Paradoxically, Steiner proposed, the illusion that humanity could keep getting better was why some things could improve:
Had the Enlightenment and the nineteenth century understood that there could be no presumption of a carry-over from civilization to civility, from humanism to the humane, the springs of hope would have been staunched and much of the immense liberation of the mind and of society achieved over four generations been rendered impossible. ...
Borstlap's reading of Steiner seems to suggest that the illusion that humanism leads to humane behavior and that civilization leads to civility isn't an illusion at all but a religious dogma to be defended.
Steiner summarily concluded that thanks to its implication in the permission or execution of the Holocaust, no form of Christianity could serve as a suitable basis for redefining culture in Europe moving forward (page 89). A religious basis for culture was not exactly an option. In that sense Steiner doesn't seem to have expressed a view the least bit inimical to Borstlap's own insistence that a secular enlightened and pluralist culture based on the Enlightenment should be the ideal ... but Borstlap seems to have a vision of a European ideal in which European nations are still European and their best and brightest culture are still the touchstones. Yet there's nothing about the abstracted forms of Enlightenment era "universal" values that seem to require anything particularly European, or is there?
What Steiner proposes as he goes is that culture is a kind of view of the relationship between the perception of time and an individual death (page 89).
... What is central to a true culture is a certain view of the relations between time and individual death.
The thrust of will which engenders art and disinterested thought, the engaged response which alone can ensure its transmission to other human beings, to the future, are rooted in a gamble on transcendence. The writer or thinker means the words of the poem, the sinews of the argument, the personae of the drama, to outlast his own life, to take on the mystery of autonomous presence and presentness. The sculptor commits to the stone the vitalities against and across time which will soon drain from his own living hand.

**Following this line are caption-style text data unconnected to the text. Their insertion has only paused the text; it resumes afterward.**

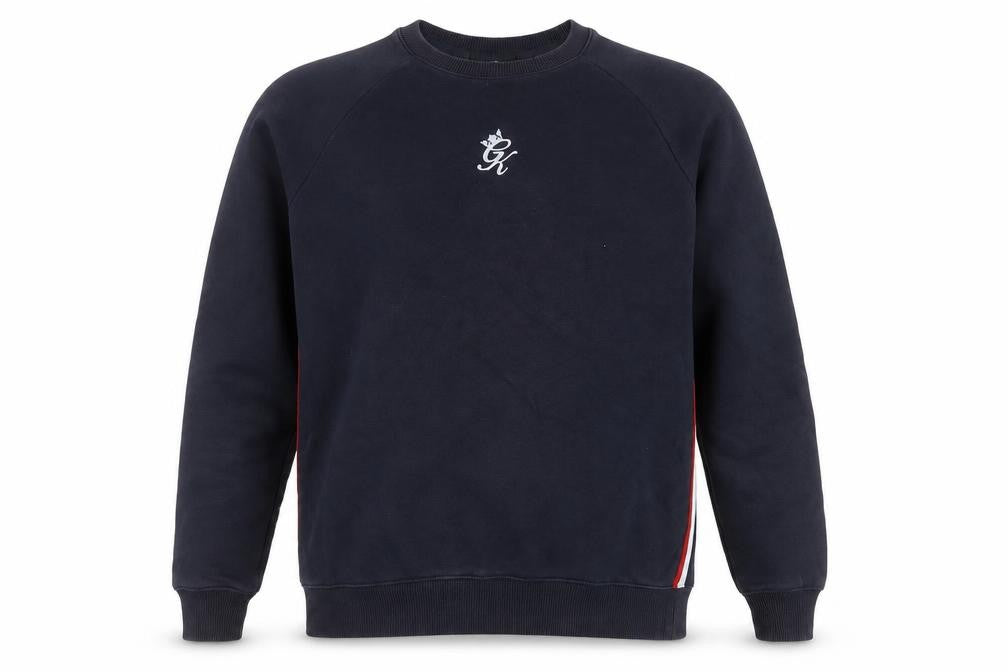 Front view of Gym King Men’s Blue Sweatshirt Small Crew Neck Pullover Logo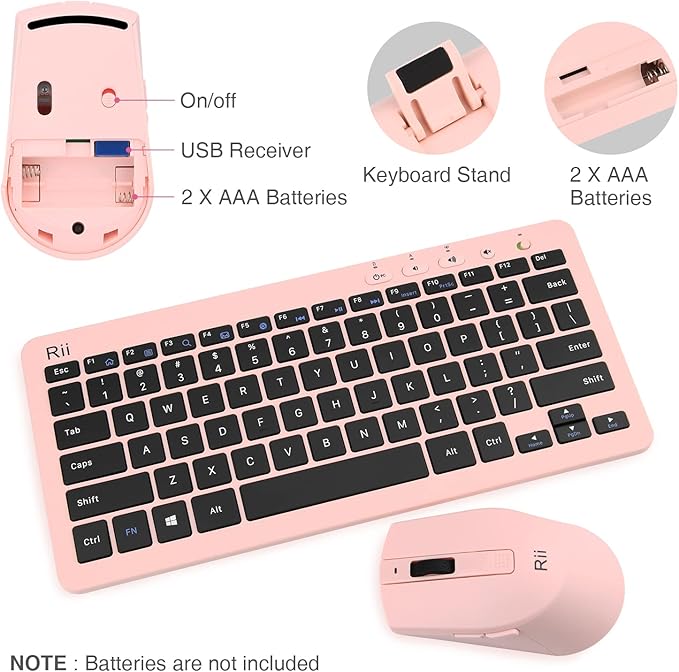 Rii RKM709 2.4 Gigahertz Ultra-Slim Wireless Keyboard and Mouse Combo, Multimedia Office Keyboard for PC, Laptop and Desktop,Business Office(Pink)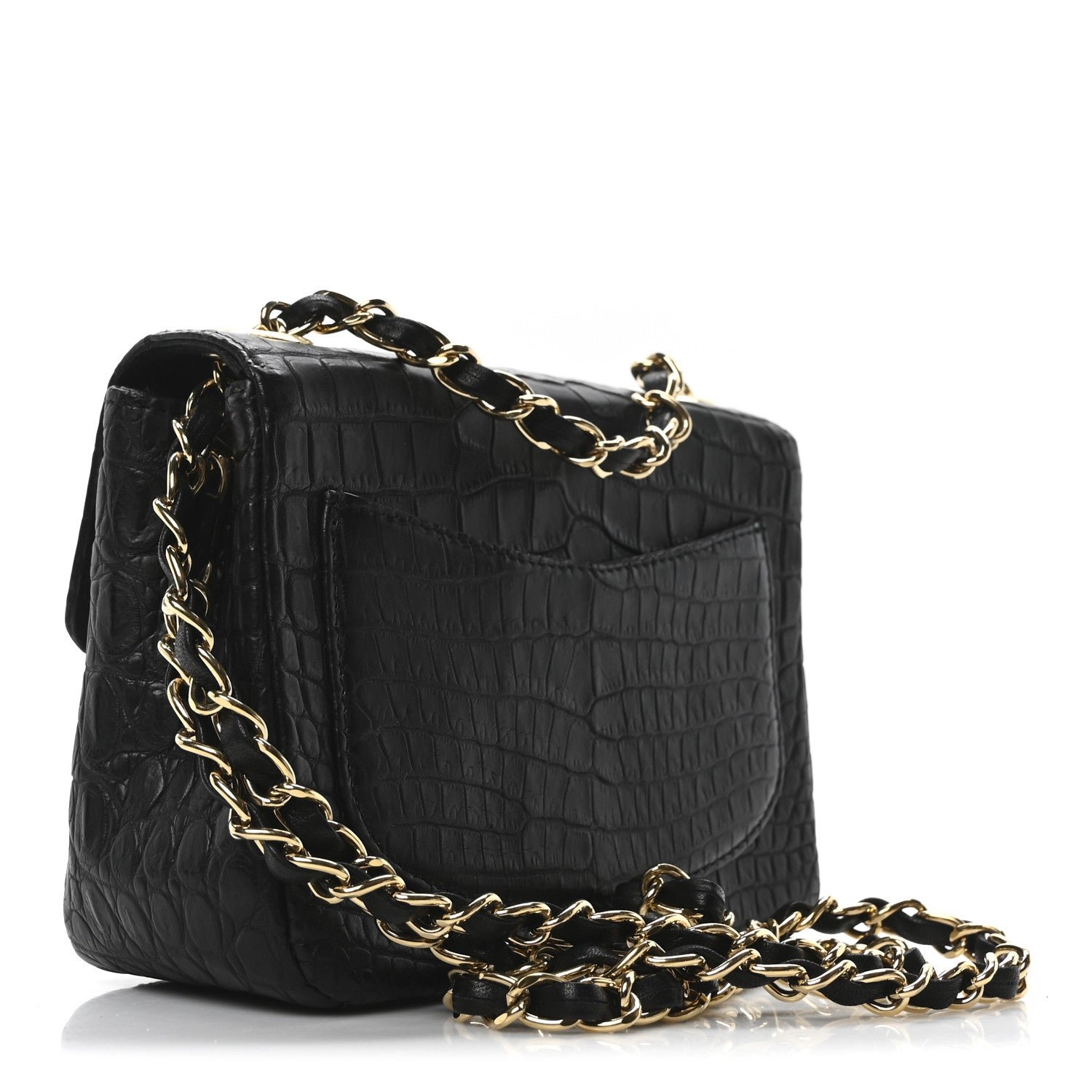 Matte Alligator Mini Square Flap Black - Image 3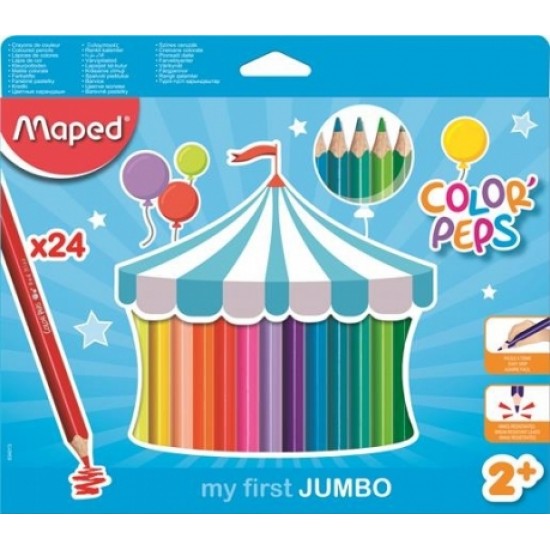 Creioane colorate Color'Peps My First Jumbo 24 culori/set Maped
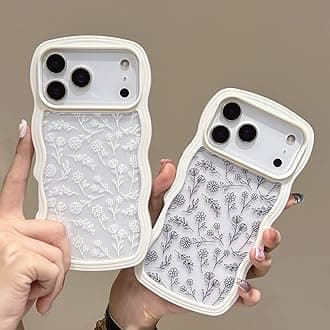 QLTYPRI for iPhone 17 Pro Case, Cute Curly Wave Frame Clear Case for Girls Women, Flower Clear TPU Bumper Slim Soft Silicone Shockproof Protective Phone Cover for iPhone 17 Pro - White Floral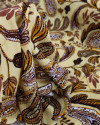Tecido Viscose Texturizada Macro Ramos em Cashmere Marrom e Amarelo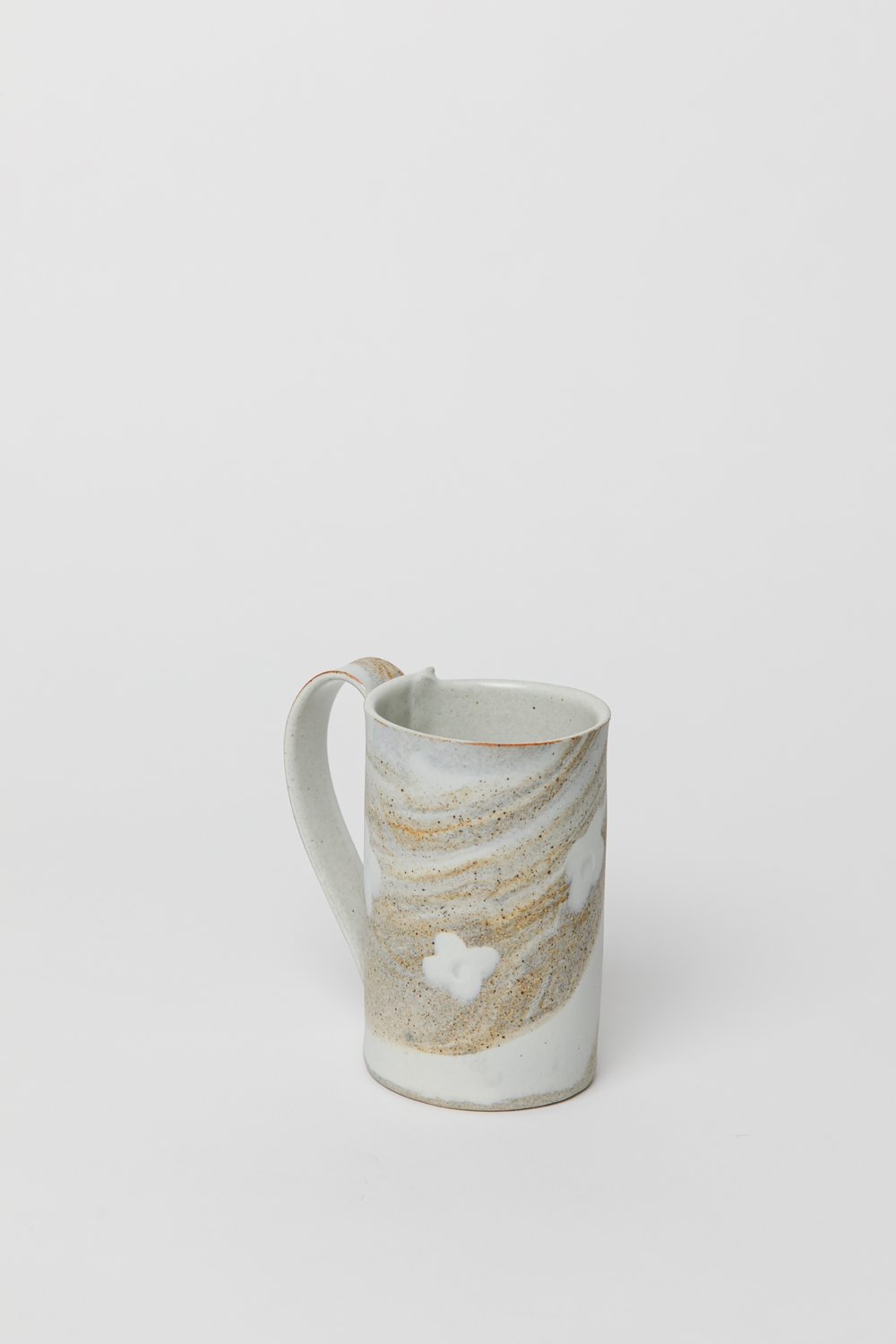 Image of Tall Mug - White Flower Granite Sandy Stoneware
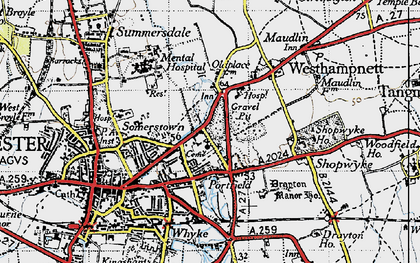 Old map of Portfield in 1945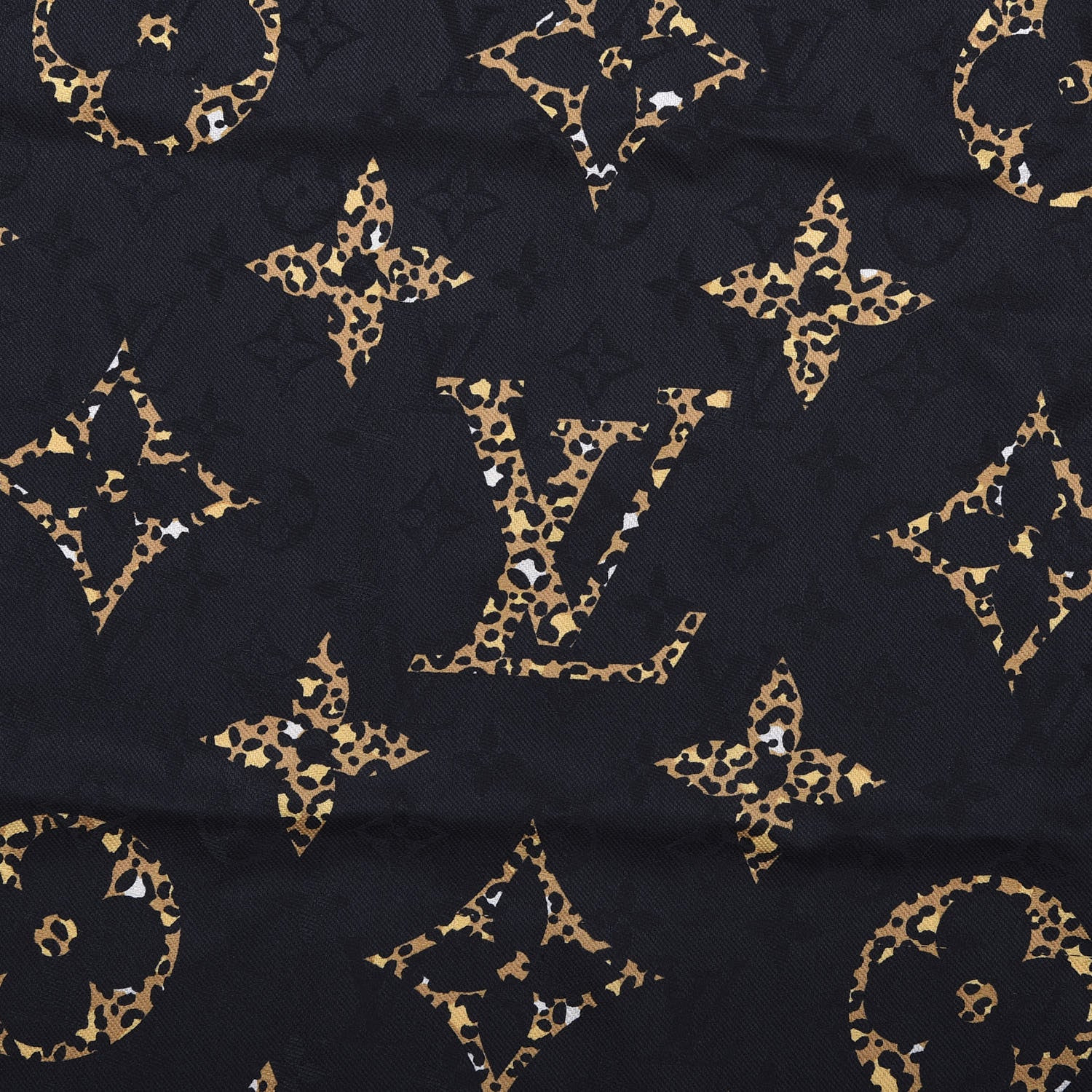 Louis Vuitton Wool Silk Monogram Giant Jungle Shawl Black 3 of 3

Art and mind address those who are not yet, even at the risk, deliberately incurred, of being unnoticed by the living.
There is nothing natural, nothing self-evident in this wager against mortality, against the common, unharried.promises of life. ...
Steiner proposed that Western civilization going back to antiquity conceived of the arts as a kind of bid for immortality in lieu of a more literal conception of immortality. This may be quite a stretch to some but it makes a kind of sense in light of Steiner's thesis that the Holocaust was an apotheosis of a pagan Europe seeking to obliterate a monotheistic Europe. Richard Wagner went so far as to insist that after the demise of the Greek cultural legacy Rome was a lesser light and the Dark Ages meant that Christianity was incapable and unmanly enough to have any art worth talking about until the virility of the German peoples made art more feasible. All that said, Wagner did go so far as to say that the one art Christians and Christianity excelled at was music because despite taking up prohibitions against depicting the divine from Judaism music could depict the passions and thoughts of the soul and so, if impoverished by the lights of all other art forms, Christian Europe managed to give us Palestrina, for instance. If you've read "Art and Religion" you will probably remember where he said things like that. I admit to going entirely by memory there. I could be wrong.
So on the whole if Borstlap objects to the idea that Steiner proposed, the open skepticism that creating art as a bid for a kind of immortality can be defended as a legitimate basis for being in the arts in light of the ecological and economic precarity of the contemporary West and the world at large in a Cold War context in which nuclear annihilation was feared any given Republican president, Borstlap could have said so more directly. But then Borstlap wasn't really name-dropping the book in a way that suggested he was trying to engage Steiner's proposals.
But it's in Steiner's fourth and final lecture that he makes some proposals that I would think someone like John Borstlap should take more to heart. After talking at some length about the decline of traditional Western conceptions of literacy (poetry ancient and modern, multilingual literary immersion), Steiner proposes that the capacity for literacy is not going away but if it's gone away from literature where has it gone to?
Steiner proposed where he believed the capacity for complex levels of literacy had shifted to. Ethan Hein, if you read this blog every now and then this one's for you. :)
But are there no other literacies conceivable, "literacies" not of the letter?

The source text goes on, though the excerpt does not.